Pointless Showing and Good Telling

My students are working on showing and telling. It’s a difficult concept to learn, and I’ve found over the years it’s not that easy to teach.

So as part of an upcoming short story assignment, I’ve started to introduce the concept of “pointless showing” to define the practice of avoiding clear language in the misguided belief that “being obscure instead of direct” is the same thing as “showing instead of telling.”

  • Pointless Showing: “A stream of thick red substance sliding from the jar into the pot… the long strands in the pot, undulating and flowing like hair, like Lucy’s hair, took on the crimson hue, and moments later the silence of the empty apartment was broken by the slurping sounds of eating. Or was it weeping? Not even the absent Lucy would have been able to tell for sure, even if Jack could have choked out the question. He reached for the cheese grater, held it to his chest, and ground, ground, ground his love into Lucy’s favorite dish.”

    [What the hell? Showing isn’t simply about being obscure. It’s about choosing details carefully, in order to lead the reader to figure out, on his or her own, what precisely the details show.]

  • Good Showing:

    “Bill still cooked himself pasta with the sauce he made Lucy’s way.
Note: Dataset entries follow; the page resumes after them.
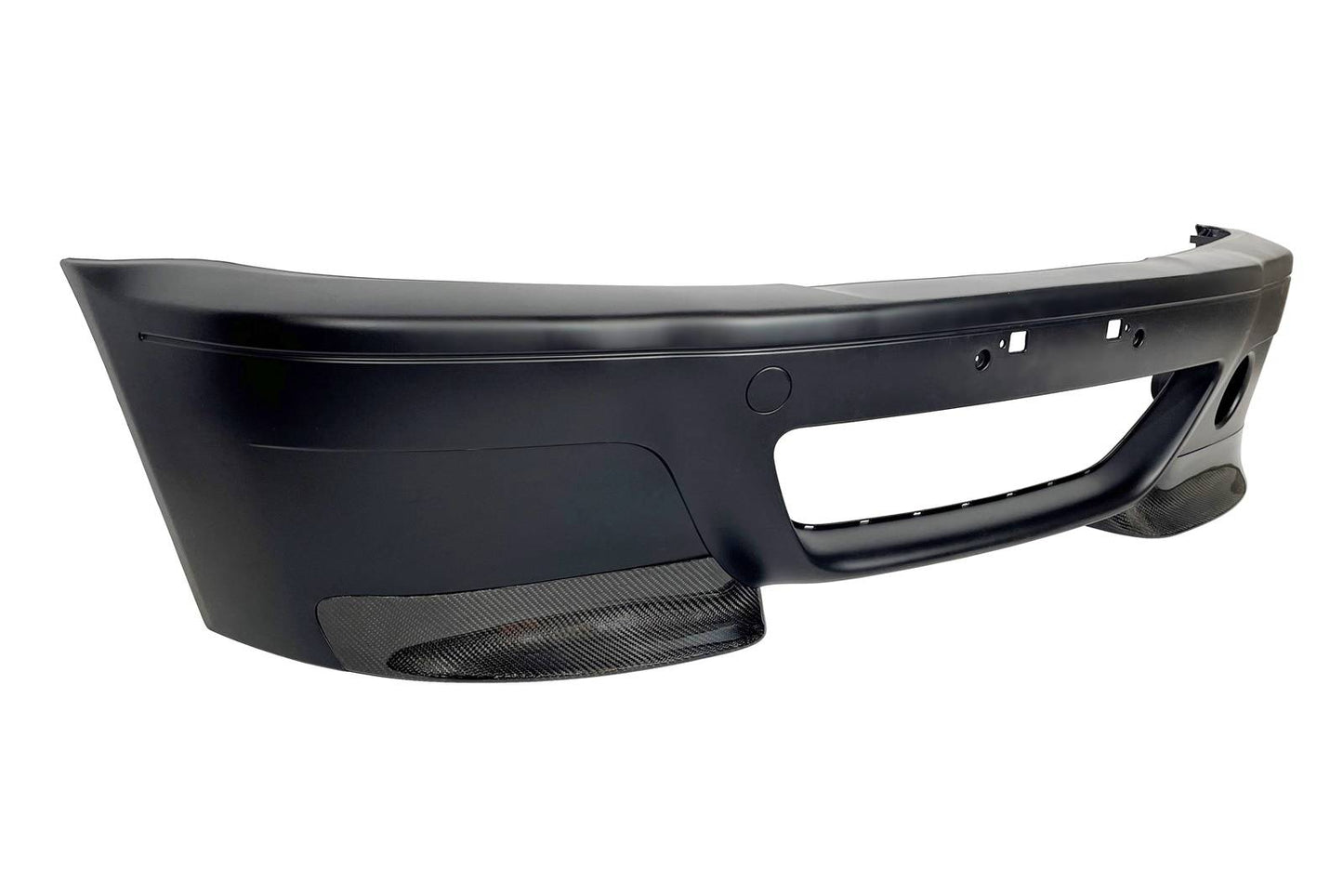 Paragolpes Delantero BMW E46 Look M3 ABS C/Punteras Carbono Look CSL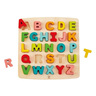 Hape Chunky Alphabet Puzzle Set for Kids, E1551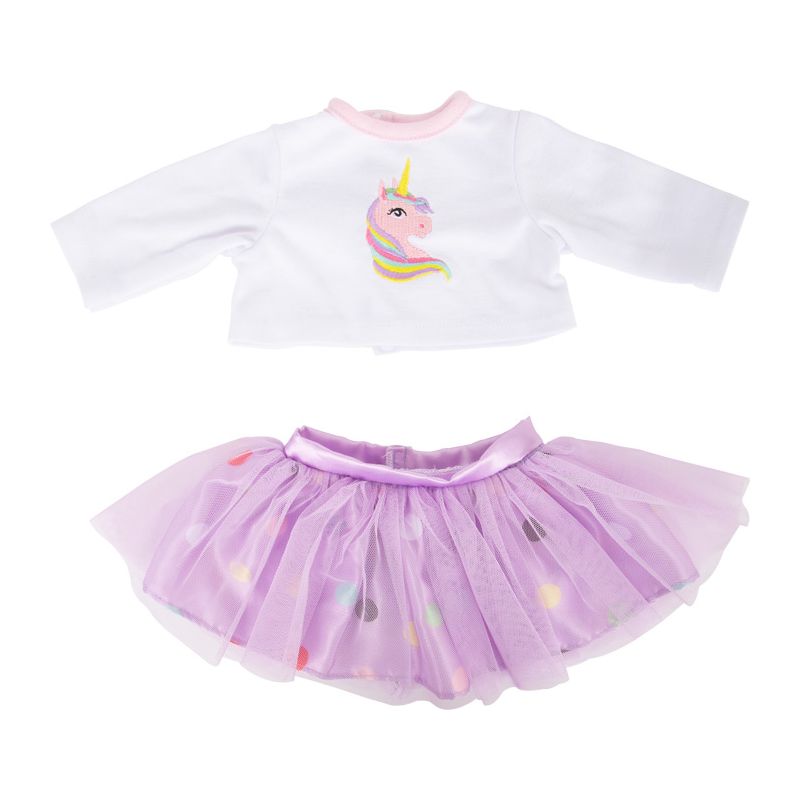 Set de ropa para muñecas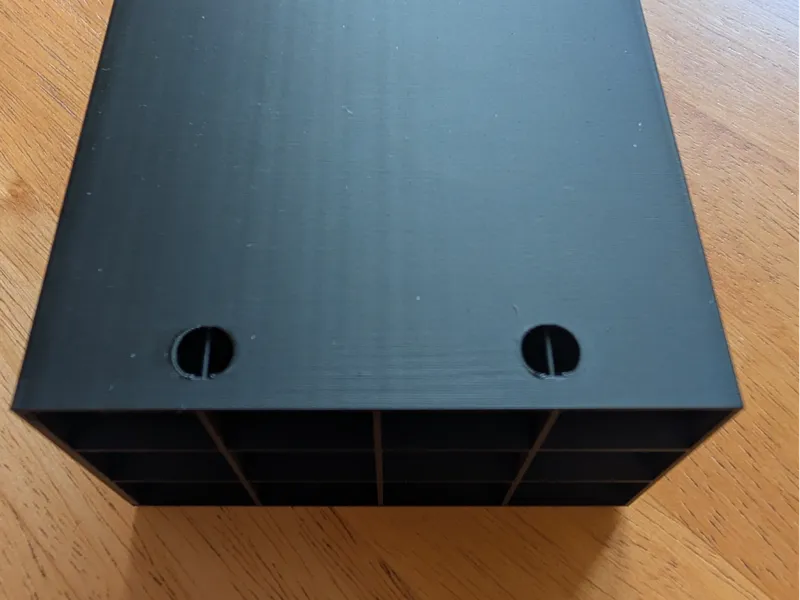Simple tray for Twinmarkers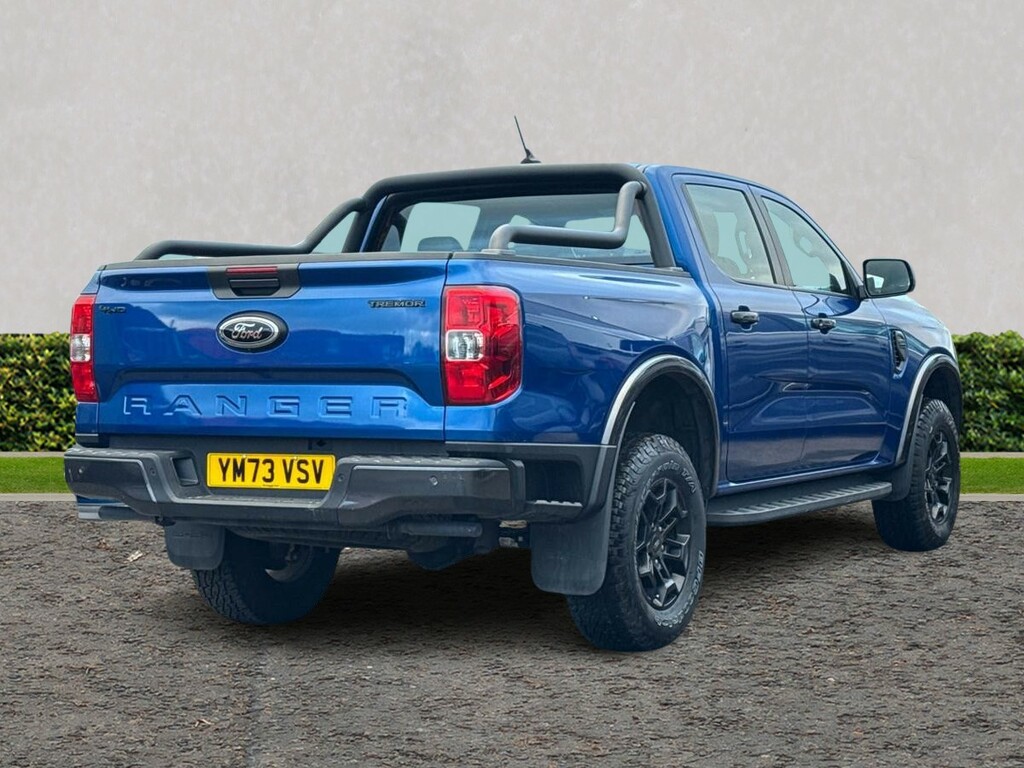 Ford Ranger Pick Up Double Cab Tremor 2.0 Ecoblue 205 YM73VSV Blue #3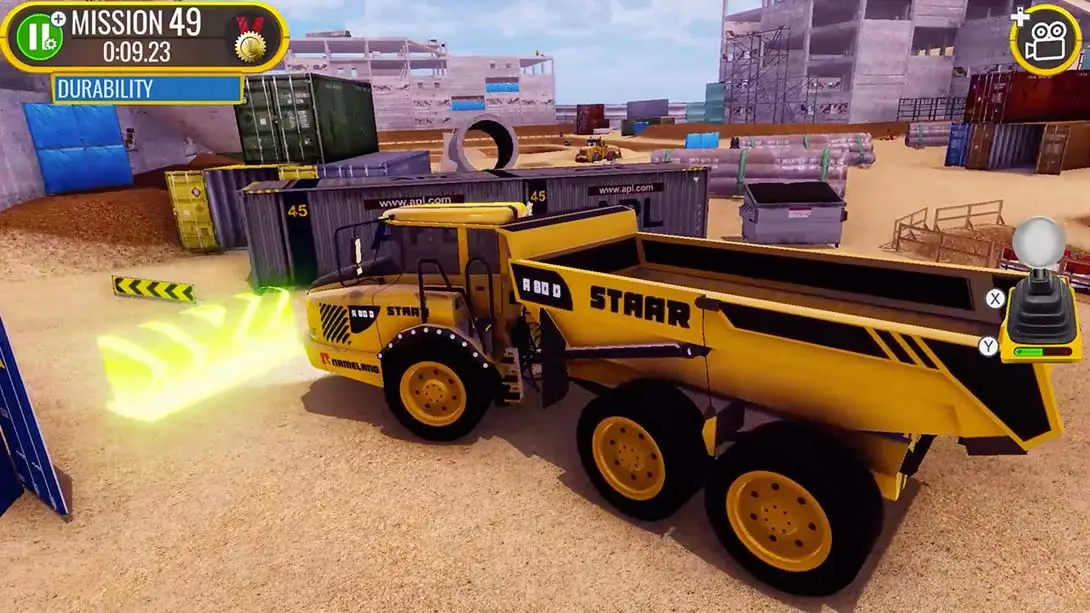 [Switch]建筑工地司机 Construction Site Driver-梦境潮玩-mjcw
He hoped he might learn to love pasta, but feared Lucy had learned to loathe him.”

    [This scene uses plain language to tell what the character is doing and thinking… but it doesn’t come right out and tell the significance of each action, or announce how Bill feels at any particular moment.  This version

    SHOWS something that is not explicitly stated in the pasta example — that Bill associates Lucy and pasta in his mind, and that the habits he has developed about pasta echo the habits he has developed around Lucy.  There’s no big dusty book that says “Pasta is a symbol of romance,” but if the scene progresses so that the pasta catching fire, or Bill throws it away and cooks something else, or he chokes on the pasta and throws up on the floor, we can figure that’s a hint about Bill’s chances for a relationship with Lucy.]